Sometimes it happens. It’s a natural part of the process of creating an online store. Sometimes your e-commerce comes to a standstill and it’s better that you see it coming and don’t get discouraged or start shooting blindly because that often creates more problems than it fixes.
It’s a process that takes place from the minute we’ve poured all our knowledge and creativity into the store. The point where we simply don’t see what else we can bring to the business model or the strategic plan.
It’s not something that happens immediately; in fact, it’s more of a process where the momentum decelerates. Let’s say we start from a baseline made up of that knowledge and creativity we talked about. If we put it professionally, we should add the study of the permanent market and the enrichment that is the experience of managing an online store for the short-, medium-, and long-term strategy.

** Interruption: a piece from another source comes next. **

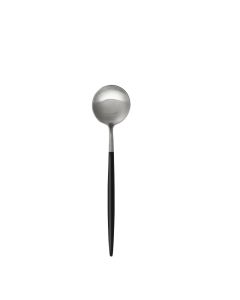 Uptown Black Silver Soup Spoon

If our baseline gets worn down and the combination of study and experience stops growing, we’ll reach a point where our e-commerce is officially stagnant.
Stagnation can occur at several levels. Though this is as complicated as any business, we can talk about two main scenarios:
Your sunglasses shop may no longer be of any use. You have thousands of ideas, you think of new recruitment and communication strategies that bring traffic and branding results but … you don’t sell more.
When you’re not able to profit from the advertising investment or the captured traffic you have to consider that the problem is your sunglasses.
Sit down with your team and think about what other product lines you can market and how to diversify your offer. The easiest step would be to start with related products (covers, cleaning cloths, cords to hang the glasses, tool sets to adjust them, etc.), complementary services (damage insurance). All this will offer you the possibility of creating packs that increase the amount of the average sales ticket.
Then, think about your audience. Now we need to evaluate alternative products for that target. Let’s continue with the sunglasses, maybe you can branch out with accessories like caps, handbags, and jewelry.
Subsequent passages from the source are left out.